Tolkien was deeply influenced by the Kalevala, composed by Elias Lönnrot, and based on the songs of the Finnish villagers of eastern Karelia sung in the 1830s. It is the Kalevala that inspired one of Tolkien’s darkest and most dramatic epic stories, ’Túrin Turambar’.
Without doubt, we could find other correspondences if we prolonged this simultaneous exploration of the works of Tolkien and of Ciurlionis. The ones we have evoked are sufficient, it seems, to establish a spiritual connection between the two visionaries in spite of there being no question of them influencing each other directly. How can we explain the mystery of this spiritual connection ? We could perhaps explore further those influences that helped forge the spirits of a Lithuanian painter and an English novelist. Certain authors have revealed Ciurlionis’ attraction to oriental doctrines. We can imagine how this could be fertile ground, the same terrain in the middle of which we would find a group like the World of Art. If you think that an important figure like Nicholas Roerich knew and appreciated the work of Ciurlionis… As far as Tolkien goes, his passion for Norse mythologies stems from his childhood and led him, later on in life, to learn such difficult languages as Welsh and Finnish.

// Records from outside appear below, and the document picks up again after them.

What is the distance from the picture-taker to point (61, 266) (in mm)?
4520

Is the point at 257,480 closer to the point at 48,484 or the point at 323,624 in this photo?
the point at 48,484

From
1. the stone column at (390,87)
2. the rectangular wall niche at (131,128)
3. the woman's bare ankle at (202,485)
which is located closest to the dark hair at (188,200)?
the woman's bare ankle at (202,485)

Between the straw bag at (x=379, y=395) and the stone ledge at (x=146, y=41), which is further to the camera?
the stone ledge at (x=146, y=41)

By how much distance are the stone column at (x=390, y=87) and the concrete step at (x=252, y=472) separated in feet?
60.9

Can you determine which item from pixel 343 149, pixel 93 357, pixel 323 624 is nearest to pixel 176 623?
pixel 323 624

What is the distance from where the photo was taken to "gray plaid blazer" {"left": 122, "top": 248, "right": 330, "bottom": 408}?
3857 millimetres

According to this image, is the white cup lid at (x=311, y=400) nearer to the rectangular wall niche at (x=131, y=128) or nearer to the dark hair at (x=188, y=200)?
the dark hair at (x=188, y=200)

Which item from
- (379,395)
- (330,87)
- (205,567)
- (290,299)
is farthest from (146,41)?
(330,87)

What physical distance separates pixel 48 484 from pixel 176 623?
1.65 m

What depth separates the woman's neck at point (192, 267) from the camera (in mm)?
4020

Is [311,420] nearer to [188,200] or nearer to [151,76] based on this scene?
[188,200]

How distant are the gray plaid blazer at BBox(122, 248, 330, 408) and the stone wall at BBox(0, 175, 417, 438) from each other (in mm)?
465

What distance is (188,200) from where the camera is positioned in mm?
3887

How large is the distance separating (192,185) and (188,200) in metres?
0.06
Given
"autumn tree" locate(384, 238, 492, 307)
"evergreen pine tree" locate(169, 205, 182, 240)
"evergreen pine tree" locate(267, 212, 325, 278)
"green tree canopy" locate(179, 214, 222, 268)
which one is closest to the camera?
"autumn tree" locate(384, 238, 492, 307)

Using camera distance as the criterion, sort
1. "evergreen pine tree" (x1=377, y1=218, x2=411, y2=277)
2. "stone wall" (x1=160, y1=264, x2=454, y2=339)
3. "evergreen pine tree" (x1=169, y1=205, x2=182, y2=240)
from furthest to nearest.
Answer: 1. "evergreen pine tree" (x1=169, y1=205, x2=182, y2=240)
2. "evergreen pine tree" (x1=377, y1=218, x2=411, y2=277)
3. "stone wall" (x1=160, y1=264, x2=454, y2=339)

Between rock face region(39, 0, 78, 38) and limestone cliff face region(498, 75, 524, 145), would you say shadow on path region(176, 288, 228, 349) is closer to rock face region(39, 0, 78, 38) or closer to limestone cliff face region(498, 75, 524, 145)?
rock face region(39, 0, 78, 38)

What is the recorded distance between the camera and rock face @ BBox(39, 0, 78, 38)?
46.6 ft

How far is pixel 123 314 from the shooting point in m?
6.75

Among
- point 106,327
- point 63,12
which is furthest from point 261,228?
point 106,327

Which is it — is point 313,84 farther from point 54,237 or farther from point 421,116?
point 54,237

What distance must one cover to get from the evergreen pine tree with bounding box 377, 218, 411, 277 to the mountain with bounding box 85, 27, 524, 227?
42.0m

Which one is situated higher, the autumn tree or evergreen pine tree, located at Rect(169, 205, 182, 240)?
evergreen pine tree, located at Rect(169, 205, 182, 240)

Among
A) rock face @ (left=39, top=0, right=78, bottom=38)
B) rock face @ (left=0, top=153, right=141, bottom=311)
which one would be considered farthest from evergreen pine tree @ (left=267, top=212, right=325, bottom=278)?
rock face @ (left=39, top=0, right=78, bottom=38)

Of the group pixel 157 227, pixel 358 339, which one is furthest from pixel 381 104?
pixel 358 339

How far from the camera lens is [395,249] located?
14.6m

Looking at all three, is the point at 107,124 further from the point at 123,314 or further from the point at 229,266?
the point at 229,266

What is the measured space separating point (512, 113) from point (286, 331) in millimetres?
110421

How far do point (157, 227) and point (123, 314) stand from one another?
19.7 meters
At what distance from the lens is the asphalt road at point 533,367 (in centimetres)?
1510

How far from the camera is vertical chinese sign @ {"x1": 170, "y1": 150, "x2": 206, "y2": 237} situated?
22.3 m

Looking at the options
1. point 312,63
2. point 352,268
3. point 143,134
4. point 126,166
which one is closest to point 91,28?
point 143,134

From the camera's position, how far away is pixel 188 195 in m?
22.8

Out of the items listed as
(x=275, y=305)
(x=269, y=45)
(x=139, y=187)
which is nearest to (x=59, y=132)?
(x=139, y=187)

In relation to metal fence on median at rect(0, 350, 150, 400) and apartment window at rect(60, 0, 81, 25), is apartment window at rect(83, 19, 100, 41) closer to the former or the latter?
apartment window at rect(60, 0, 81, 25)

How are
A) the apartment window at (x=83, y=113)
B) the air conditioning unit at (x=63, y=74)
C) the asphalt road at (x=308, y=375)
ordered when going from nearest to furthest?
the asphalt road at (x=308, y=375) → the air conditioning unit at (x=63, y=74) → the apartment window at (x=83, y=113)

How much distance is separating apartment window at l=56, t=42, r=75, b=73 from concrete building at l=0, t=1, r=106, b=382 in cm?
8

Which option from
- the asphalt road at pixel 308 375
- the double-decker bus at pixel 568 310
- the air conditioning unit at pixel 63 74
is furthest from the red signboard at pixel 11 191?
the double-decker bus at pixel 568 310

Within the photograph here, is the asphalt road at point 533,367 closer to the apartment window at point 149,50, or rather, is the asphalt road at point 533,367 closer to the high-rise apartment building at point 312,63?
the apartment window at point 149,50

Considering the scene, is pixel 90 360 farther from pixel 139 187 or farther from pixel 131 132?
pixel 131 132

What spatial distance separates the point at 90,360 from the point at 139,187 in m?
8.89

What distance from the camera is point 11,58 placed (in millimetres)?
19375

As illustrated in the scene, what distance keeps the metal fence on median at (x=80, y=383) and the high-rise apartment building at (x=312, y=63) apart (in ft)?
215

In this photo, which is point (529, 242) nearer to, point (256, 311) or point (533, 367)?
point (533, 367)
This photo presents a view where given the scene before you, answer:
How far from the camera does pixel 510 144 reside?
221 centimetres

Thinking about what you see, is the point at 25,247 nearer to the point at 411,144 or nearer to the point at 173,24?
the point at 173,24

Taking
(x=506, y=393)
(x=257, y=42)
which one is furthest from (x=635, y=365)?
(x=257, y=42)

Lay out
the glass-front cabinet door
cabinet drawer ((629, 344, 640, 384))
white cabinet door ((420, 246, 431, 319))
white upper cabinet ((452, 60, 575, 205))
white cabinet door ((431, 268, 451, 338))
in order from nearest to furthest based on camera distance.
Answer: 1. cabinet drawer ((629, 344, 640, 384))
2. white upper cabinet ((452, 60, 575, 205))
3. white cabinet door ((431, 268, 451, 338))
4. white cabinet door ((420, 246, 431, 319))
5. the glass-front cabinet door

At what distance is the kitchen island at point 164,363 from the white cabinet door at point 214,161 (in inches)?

Whatever reasons there might be for this spiritual connection between Tolkien and Ciurlionis, the relevance of their work endures even today in the first decade of the 21st century and one can only hope that the influence of these two visionaries contributes to the much needed ’reenchantment of the world’.
 Letters, p. 213 - Letter to W. H. Auden, 7th June 1955.
 Letters, p. 347 - Letter to Christopher Bretherton, July 1964.
 Etkind Marc, Mir kak boljsaïa simfonia, Izdatelstbo Iskusstvo, Leningrad, 1970, pp. 100-101.
 Mstislav Doboujinski mentions in relation to this the perspective of a “monumental art”. The members of the group Mir iskusstva (World of Art) recommended this to Ciurlionis. Cf. Ciurlionis : Painter and Composer, ed. Stasys Goštautas, Vaga, Vilnius, 1994, p. 164.
 Cf. Valerian Chudovsky’s article in Ciurlionis : Painter and Composer, p. 137.
 Translated from French. Original quoted in GOURVIL Francis, Theodore-Claude-Henri Hersat de la Villemarqué (1815-1895) et le “Barzaz-Breiz” (1839-1845-1867). Origines. Editions. Critique. Influences, Rennes, Oberthur, 1960, p. 82.